Powdery Mildew in a San Diego Garden
Guest Blog by Susan Martin
Written August 14th 2020
I’m sitting on my front porch writing about the powdery mildew that is overtaking my backyard vegetable garden. It’s expected in the usual susceptible plants grown in my coastal summer garden—tomatoes and the squash, but the powdery mildew is early this year. I’ve groused in other blog posts about May Gray and June Gloom that lingered into July and now August. Usually, by the Fourth of July, most of the fog and overcast departs.
The powdery mildew is not only early, but it’s affecting other plants that don’t usually have the problem. The bell peppers have a light case. This past spring my beet greens and carrot tops developed powdery mildew but the crops recovered with new growth. Predictably, my winter sweet peas and snow peas ended their season with powdery mildew. As I sit in the shade of the ‘Purple Robe’ locust, I see the dropped leaves also have the coastal scourge.
Eventually, my cucumbers give up and rather suddenly say the season is over with powdery mildew dealing the final blow. But this year the lower two-thirds of the plants are heavily mildewed while healthy vines climb the trellis with new fruit set.
If this were mid-September, I’d say we’ve had a good run, remove most of the summer veggies and make preparations to plant the cool season garden in late September and October. But I’ve not given up on tomatoes, peppers, cucumbers, zucchini and the other squash; and it’s too early to plant the fall crops.
As with Growing Tomatoes in the Fog Belt, I’m finding other ways to live with the climatic conditions and the powdery mildew that it brings. My friend, Brijette at San Diego Seed Company reminds me that in urban gardens we work with the constraints of our garden conditions and adapt.
My go-to source when I have garden problems is UC IPM (University of California Integrated Pest Management Program). Here’s their opener for powdery mildew:
White powdery growth on leaves and shoots can be a sign of powdery mildew. This disease affects many plants, and one of several fungi can cause it. Manage powdery mildew by growing resistant plant varieties and altering the growing environment. In some situations, fungicide treatments might be required for susceptible plant species.
The UC IPM Powdery Mildew Quick Tips makes these suggestions for management of the disease.
ALTER THE GROWING ENVIRONMENT TO MAKE PLANTS LESS SUSCEPTIBLE
Grow plants in sunny locations.
Provide good air circulation by pruning excess foliage.

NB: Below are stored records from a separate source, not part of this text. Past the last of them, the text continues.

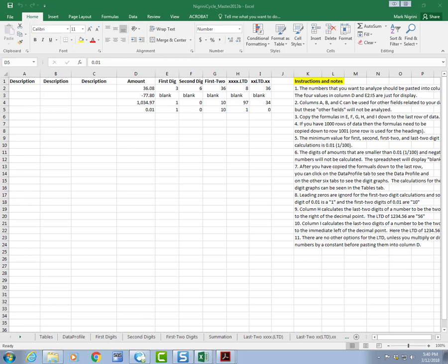Well, this is the second part, and this is where I talk about using the software. The file name is Negrini Cycle. In this case, it's the 2013 version.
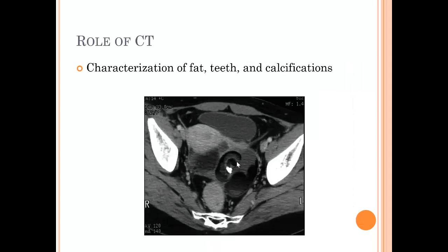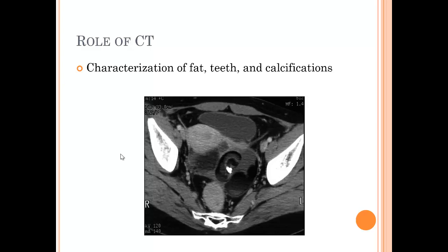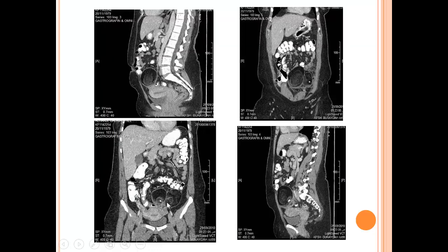The role of CT: CT is very important for characterization — the presence of fat, teeth, and calcification. Here we have a complex adnexal lesion in the left adnexal region. You can see the different components: fat component similar in density to pelvic fat, a fluid part similar to the urinary bladder, and a tooth here. So we can characterize fat, tooth, or calcification. If you suspect mature cystic teratoma, you can do CT — no need for MRI if there are no enhancing components. This is another case of mature cystic teratoma: bilocular, containing fat contents and a tooth — another typical mature cystic teratoma on CT.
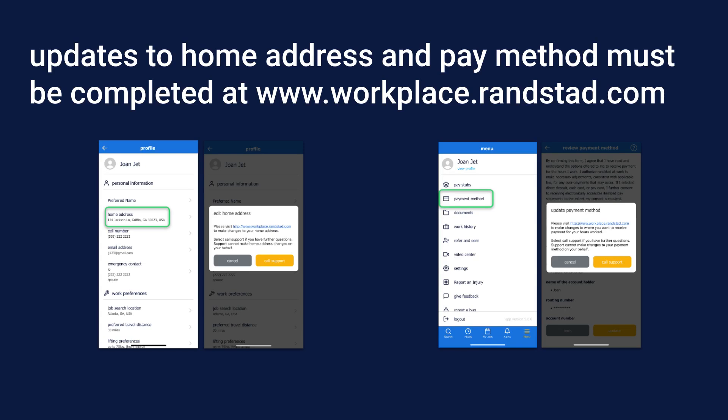The same process applies to updating your payment method. Go to the self-service site to enter your updated payment information.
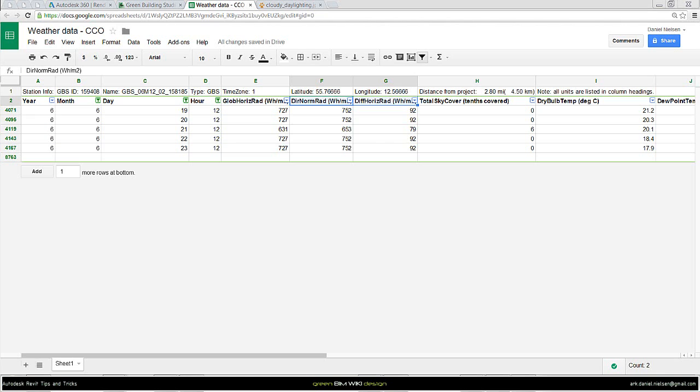In this video, I will show how to get access to the weather data, so we can get the numbers for the direct normal radiation and diffuse horizontal radiation that we need for running the daylight simulation directly from Revit in the cloud.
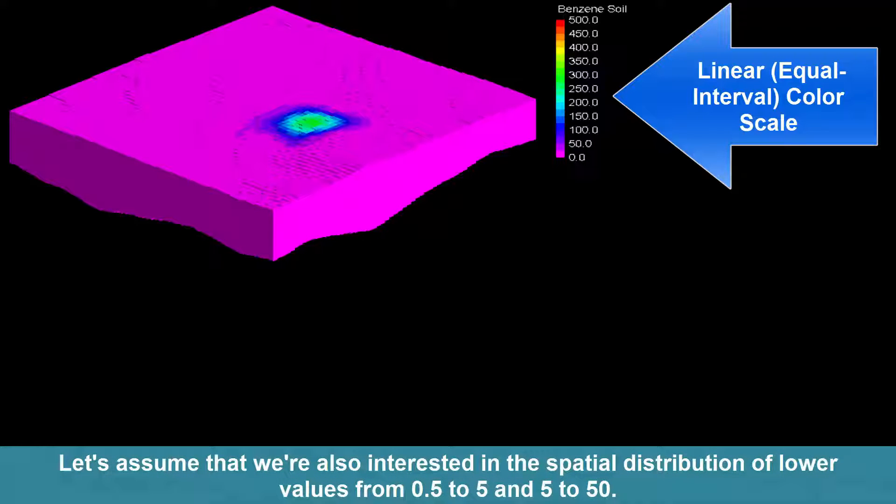Let's assume that we're also interested in the spatial distribution of lower values from 0.5 to 5 and from 5 to 50.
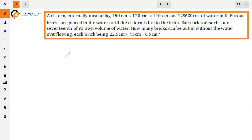The question: a cistern internally measuring 150 cm × 120 cm × 110 cm has 129,600 cm³ of water in it. Bricks are placed in the water until the cistern is full to the brim. Each brick absorbs 1/17th of its own volume of water. How many bricks can be put in without the water overflowing? Each brick measures 22.5 × 7.5 × 6.5 cm.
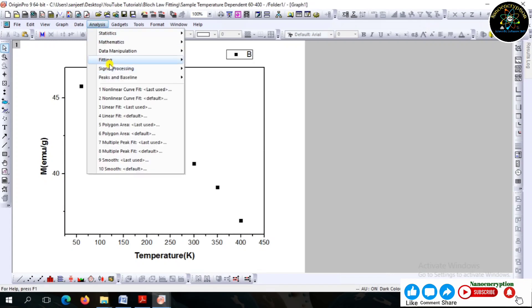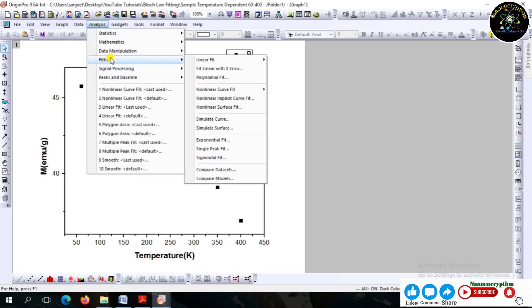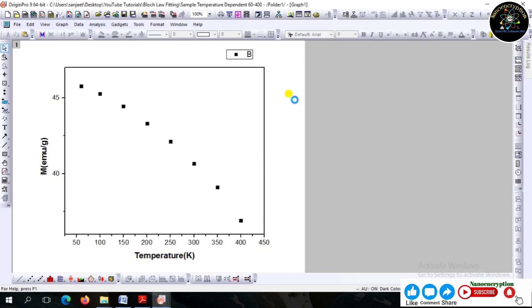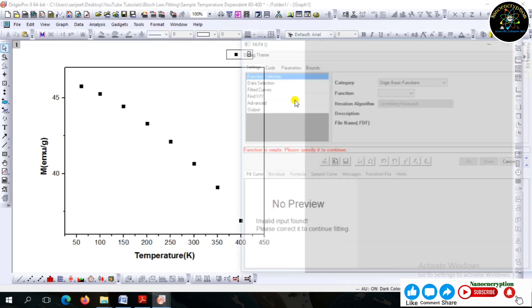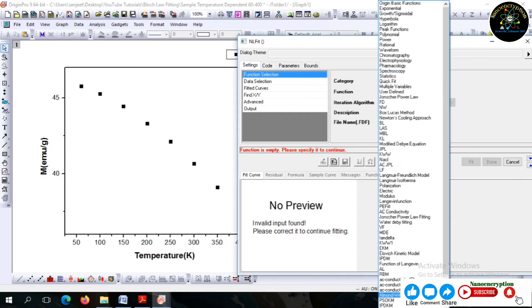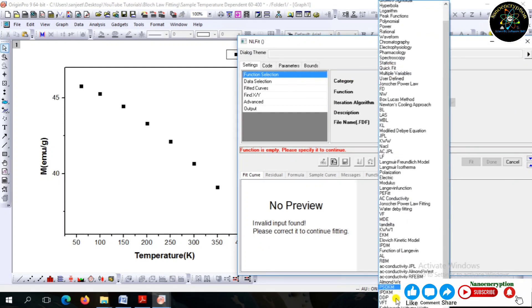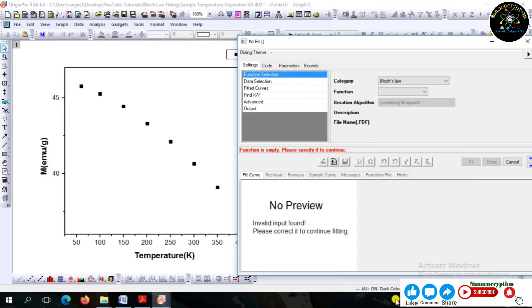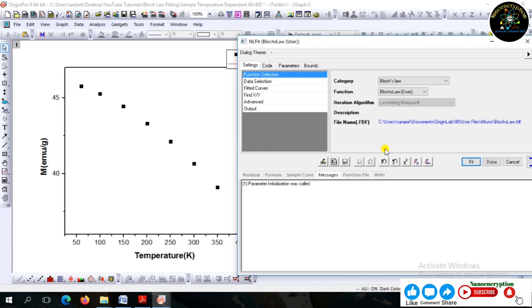After building up the equation for fitting, go to the Analysis Tools function. From here, just follow every step precisely and carefully.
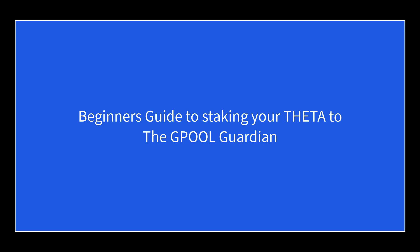Okay, in this video I'm going to show you how to stake to G-Pool. Stay tuned.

Fertilize properly because too much nitrogen causes lush foliage and shade, providing conditions for fungal growth.
CONSIDER NON-CHEMICAL METHODS
Wash spores off infected plants with overhead sprinkling. To prevent other disease problems, do this midmorning so moisture dries rapidly.
Prune out small infestations and remove infected buds during the dormant season. Quickly remove infected materials so you don’t spread spores.
For suggestions to control severe powdery mildew using commercial oils or plant oils such as neem oil, sulfur, or biological fungicides, see the recommendations at the UC IPM link Powdery Mildew on Vegetables.
Another resource on Powdery Mildew is How to Treat Powdery Mildew on Plants which includes some additional explanations about conditions that promote the growth of powdery mildew. The site offers other suggestions for treatment such as baking soda combined with liquid soap and water. Some garden writers use a milk spray. Barbara Pleasant in a recent Facebook post had this to say:
“A mixture of one part milk (any kind) to five parts water sabotages the onset of powdery mildew, a common fungal disease that weakens plants by stopping up their stomata. Nothing will cure cucurbit powdery mildew once it gets going, but milk sprays and trimming off old leaves will keep it at bay until the plants make a good crop.”
Here’s what I do to manage powdery mildew in my vegetable garden. To sum it up in a sentence, I trim affected leaves frequently and after a major clean-up add some worm compost (or regular compost) around the plant and douse the soil with liquid fish-seaweed emulsion fertilizer. To this regimen, I’ve recently added an early-morning spray of the foliage of affected plants to wash off the spores. The cleansing was dramatic for my zinnias.
My zucchini, squash, and cucumbers respond well with new healthy growth to support continued fruit production. Tomatoes are a lost cause now, though I trim the dying leaves every few days hoping that enough foliage remains to ripen the fruit. The pepper crop is bountiful but the plants are not beautiful. I occasionally remove diseased leaves but I won’t have peppers at Thanksgiving as usual.